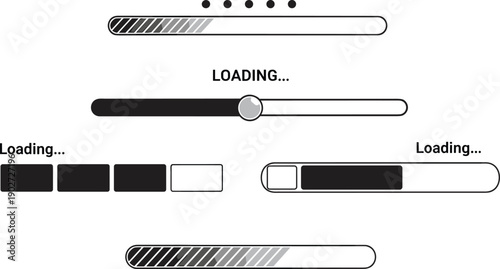 Loading progress bar indicators set with buffering download status interface elements isolated on white background user interface vector illustration design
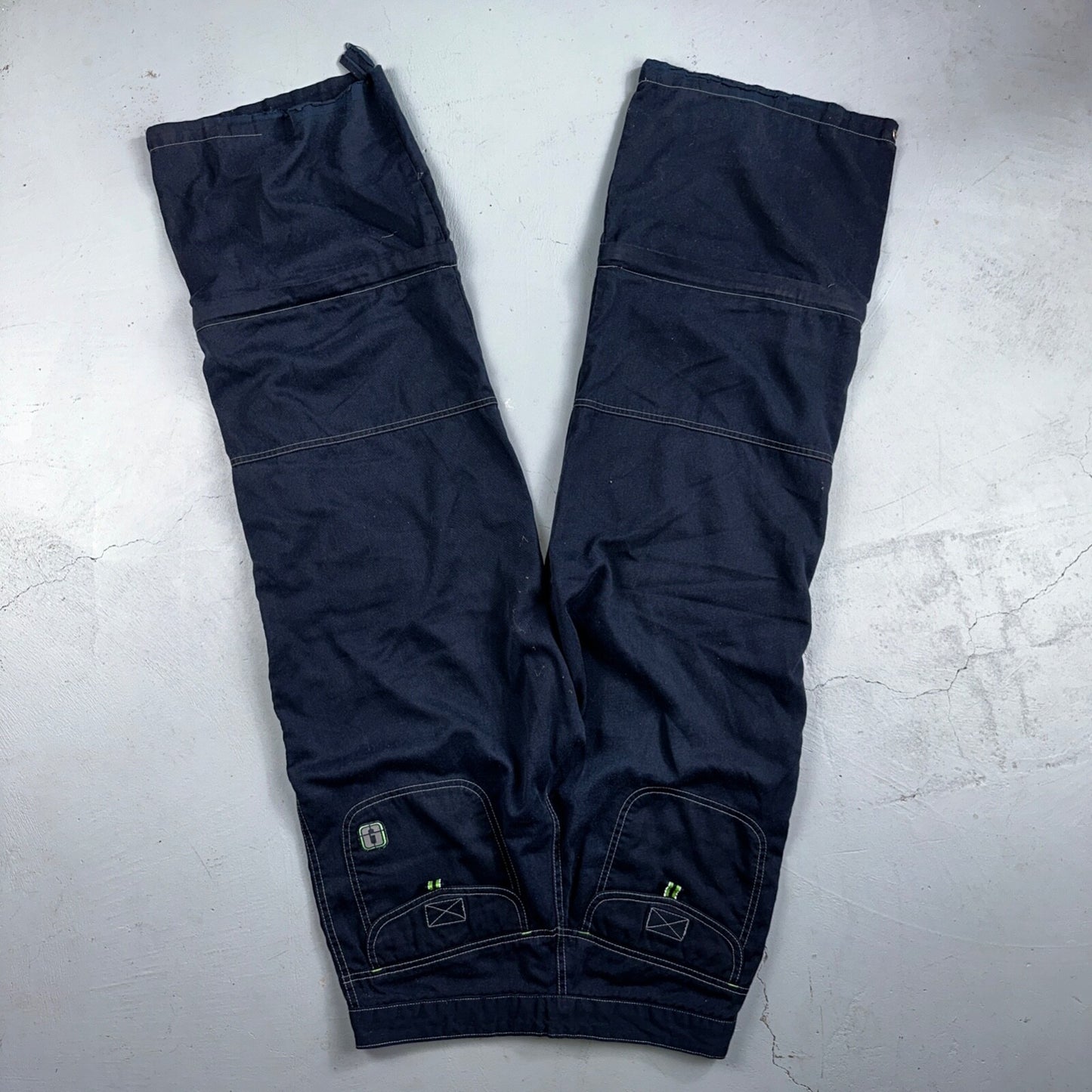 Vintage Trans Nine Rave Y2K Navy Blue Wide Leg Retro Pants Womens 30 x 30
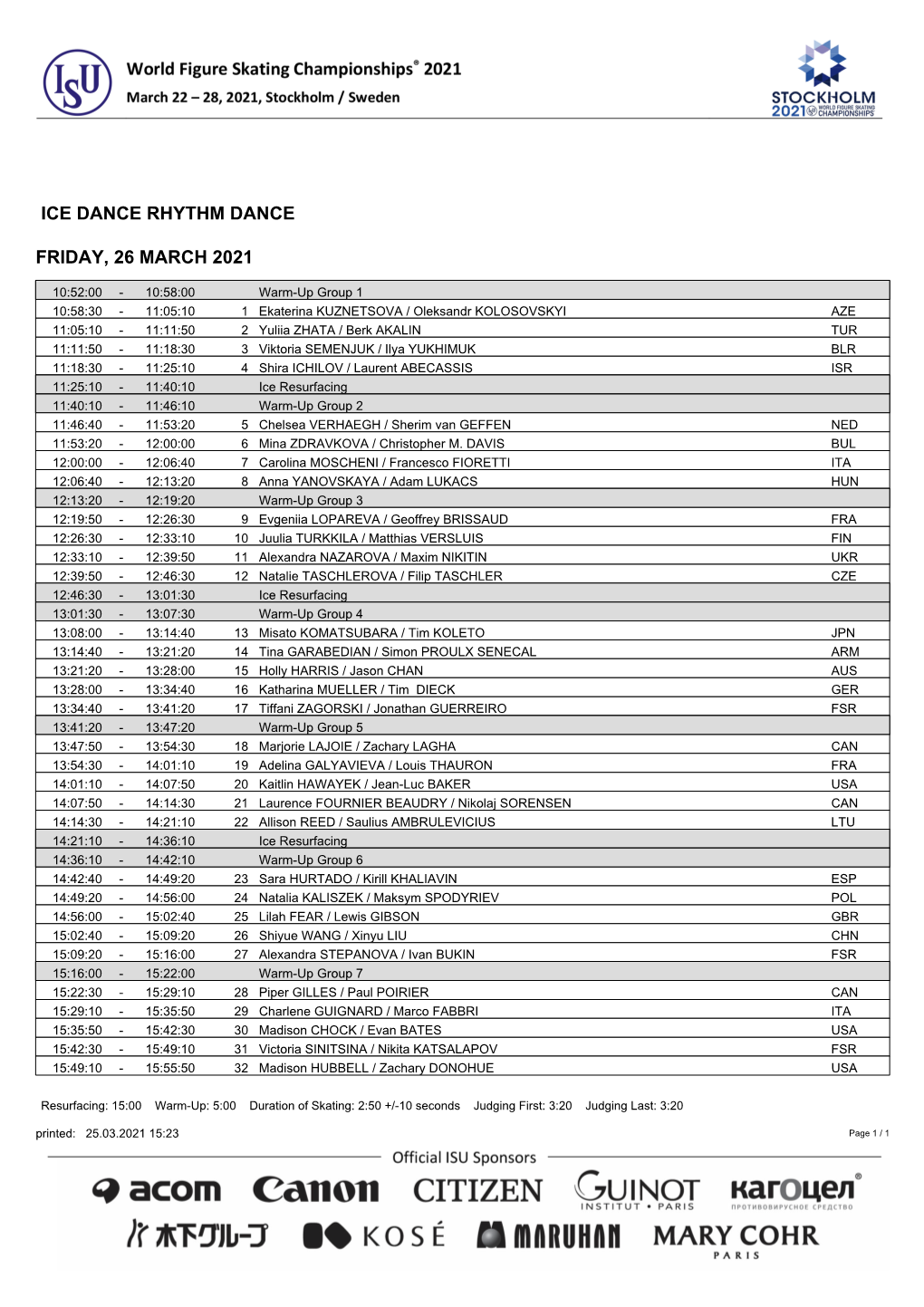 Ice Dance Rhythm Dance Friday, 26 March 2021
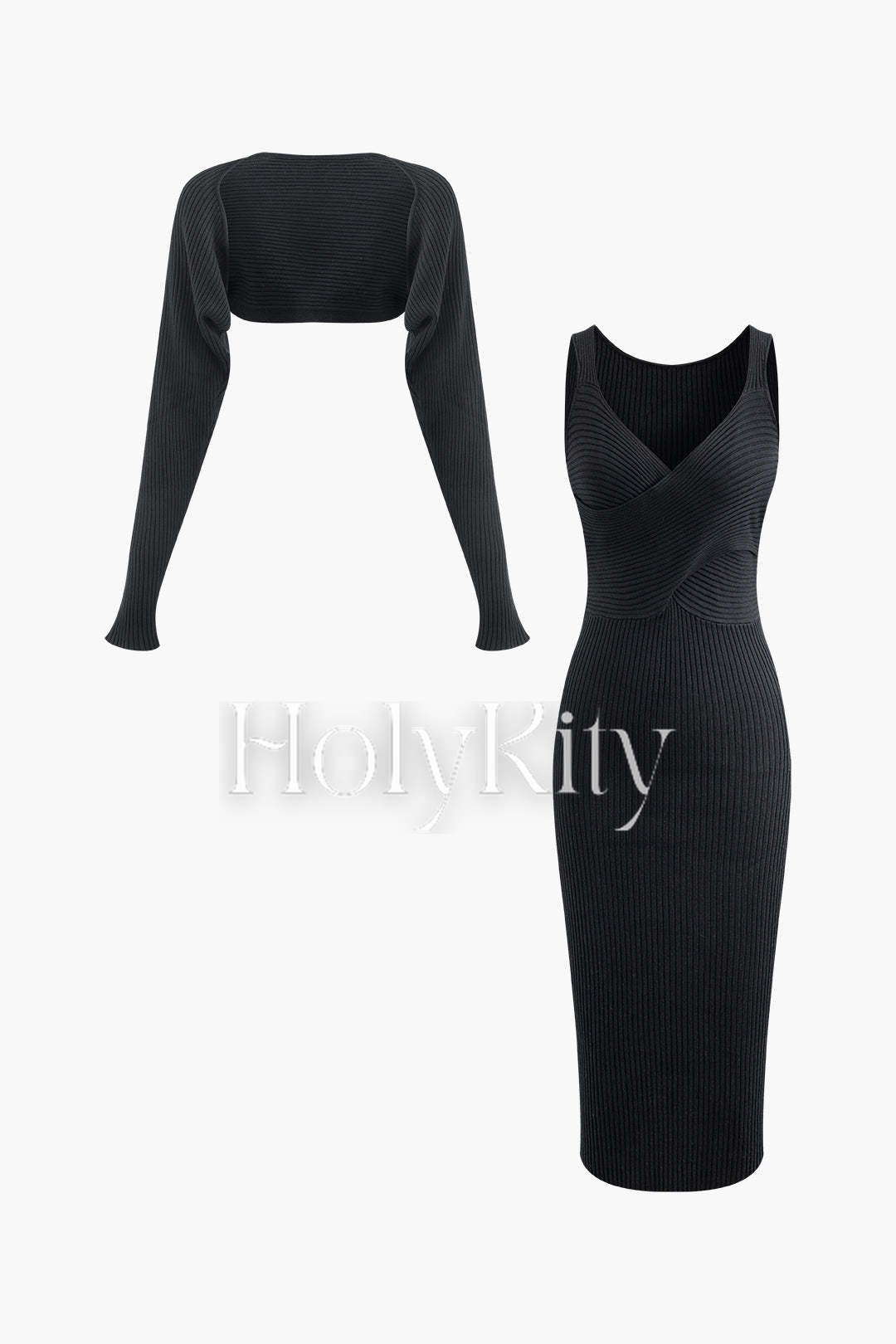 Ensemble robe sans manches et boléro en tricot côtelé à col en V croisé 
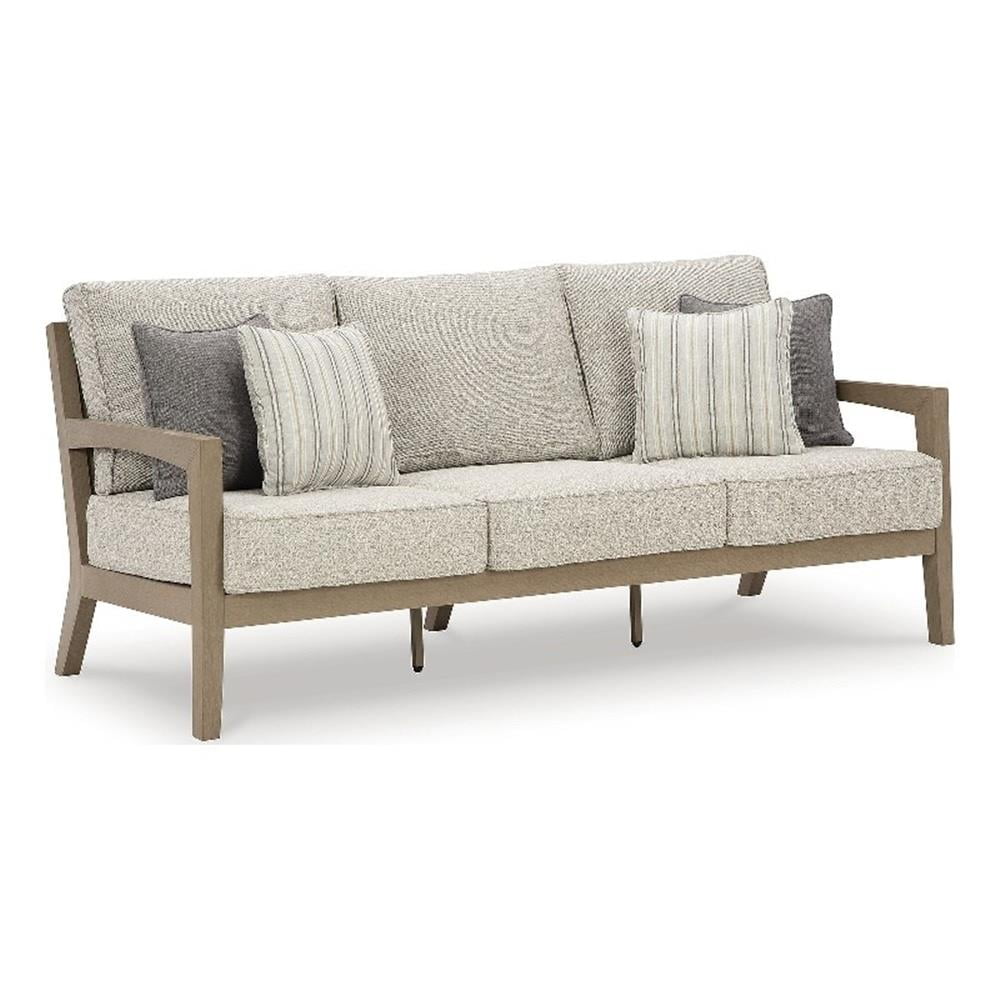Ashley Furniture Myrtle Shore Outdoor Sofa with Cushion (Beige, 84 in) 00734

+--

AIM OF THE EXERCISE: From the first line to the last, reproduce the listing above exactly, leaving the pictures out.

ANSWER BELOW:
 Loading progress bar indicators set with buffering download status interface elements isolated on white background user interface vector illustration design
 Vintage Trans Nine Rave Y2K Navy Blue Wide Leg Retro Pants Womens 30 x 30
 Ice Dance Rhythm Dance Friday, 26 March 2021
 Ensemble robe sans manches et boléro en tricot côtelé à col en V croisé 
Ashley Furniture Myrtle Shore Outdoor Sofa with Cushion (Beige, 84 in) 00734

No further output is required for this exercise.